There is no neutral ground between the atheistic view of a subject and the Christian view. It's what Francis Schaeffer accurately described as "the antithesis." Where one begins in any subject will necessarily determine where he ends. Is "history" the record of God's acting in the world from creation to glorification? Or is it a randomly-chosen record of evolutionary events produced by time, matter, and chance? Is "science" the pursuit of "thinking God's thoughts after him" in an orderly, created universe, as the great astronomer Johannes Keppler said, or is it simply manipulating physical laws to achieve our ends? And how do we decide on those ends?

"But John, what about math? Surely math is neutral, objective ground, right?" Well, actually no. Vern Poythress (who holds a PhD. in mathematics from Harvard) has a fascinating article demonstrating that presuppositions (wether theistic or atheistic) play a major part even in math. Poythress writes:
It may surprise the reader to learn that not everyone agrees that '2 + 2 = 4' is true. But, on second thought, it must be apparent that no radical monist can remain satisfied with '2 + 2 = 4.' If with Parmenides one thinks that all is one, if with Vedantic Hinduism he thinks that all plurality is illusion, '2 + 2 = 4' is an illusory statement. On the most ultimate level of being, 1 + 1 = 1.
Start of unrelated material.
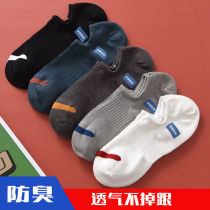 Socks Male Short Socks Mens Boat Socks Mesh Breathable Deodorant Low Help Light Mouth Invisible Trendy Personality Summer Cotton Socks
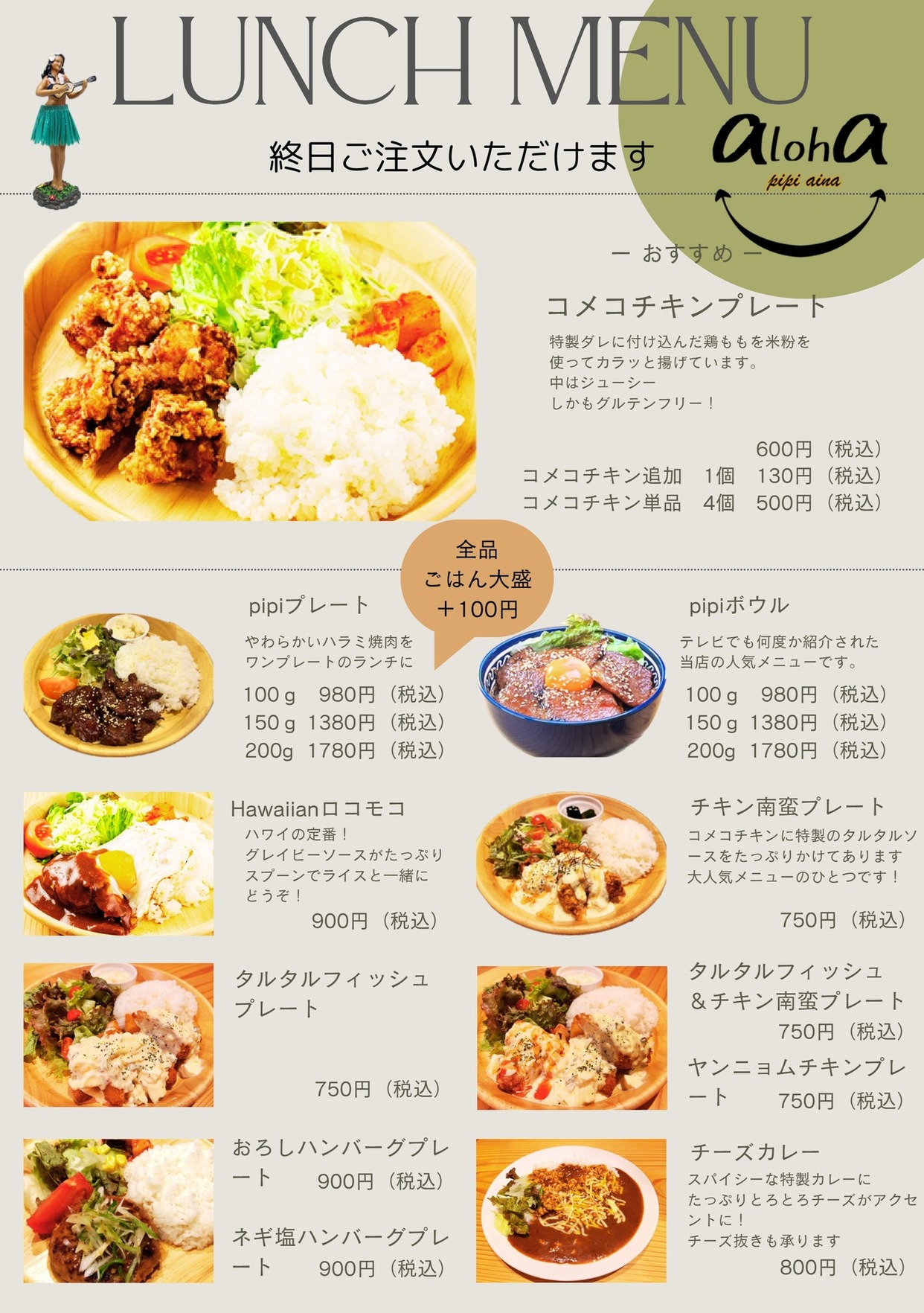 邦楽 PERFECT! MENU Shun Wang Menu (Full Menu Update 2025)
What does this imply? Even the simplest arithmetical truths can be sustained only in a worldview which acknowledges an ultimate metaphysical plurality in the world—whether Trinitarian, polytheistic, or chance-produced plurality. At the same time, the simplest arithmetical truths also presuppose ultimate metaphysical unity for the world&mdahs [sic];at least sufficient unity to guard the continued existence of "sames." Two apples remain apples while I am counting them; the symbol '2' is in some sense the same symbol at different times, standing for the same number.
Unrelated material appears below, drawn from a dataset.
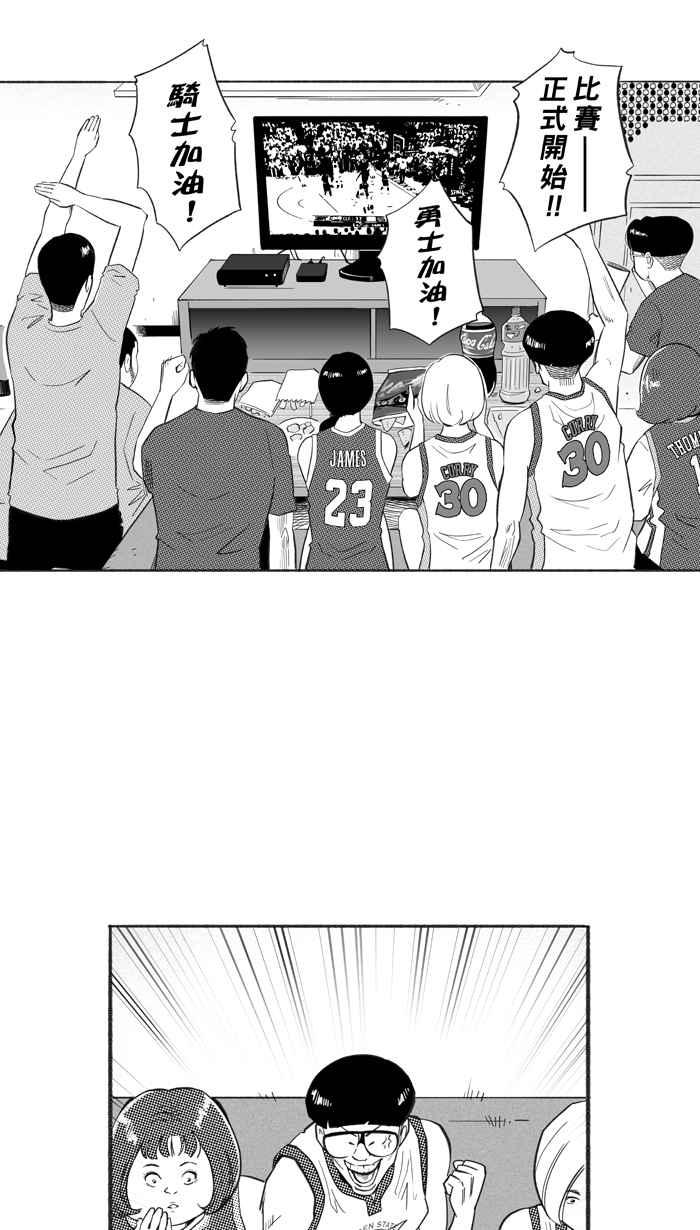 宅男打籃球 - [第225話] 下一個階段 PART6(1/2) - 5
Now granted, there are many atheists who do just fine at math. But the point is that they've borrowed Christian assumptions in order to do so. Math is not neutral--a Christian worldview has to be adopted to some degree even for math to work. Because we modern Christians have such a segmented view of truth, however, and because we compartmentalize Christ, putting "spiritual" things in a corner of one side of the room while leaving everything else in the physical world as neutral ground for everyone else, we're shocked by even the suggestion that a good public school couldn't teach our children just as accurately as any homeschooler or Christian school could.

As Abraham Kuyper, the great Dutch Christian statesman once said, "There is not a square inch in the whole domain of our human existence over which Christ, who is Sovereign over all, does not cry: 'Mine!'" As Christian parents, are we going to teach our children that all things, including math, science, history, art, music, and geography hold together in Christ? Or are we going to implicitly teach them that God is something that applies at home and in church, but that He's functionally irrelevant in the "outside world" to which we're sending them as missionaries?
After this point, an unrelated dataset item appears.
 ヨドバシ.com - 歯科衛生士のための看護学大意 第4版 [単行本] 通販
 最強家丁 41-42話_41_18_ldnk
Interestingly, Challies knows the answer to this question. In another post on another subject only a day or two before the homeschooling fracas, he wrote:
Statistics show that many Christians, and most likely the vast majority of Christians, have a worldview that is functionally secular. Many people who go to church every Sunday, who read Christian books and who read their Bibles and pray every day, still think like unbelievers. Their worldview--their way of seeing and understanding the world--is no different from before they claimed to be Christians. As interesting as statistics may be, common sense and good reason show the problem to be severe. Jonathan Edwards, looking to the refusal of the people of his day to own up to their guilt, realized that 'the liberal Christianity of the new republic would be built around such moral principles.' Modern day evangelicalism is likewise founded on such moral principles.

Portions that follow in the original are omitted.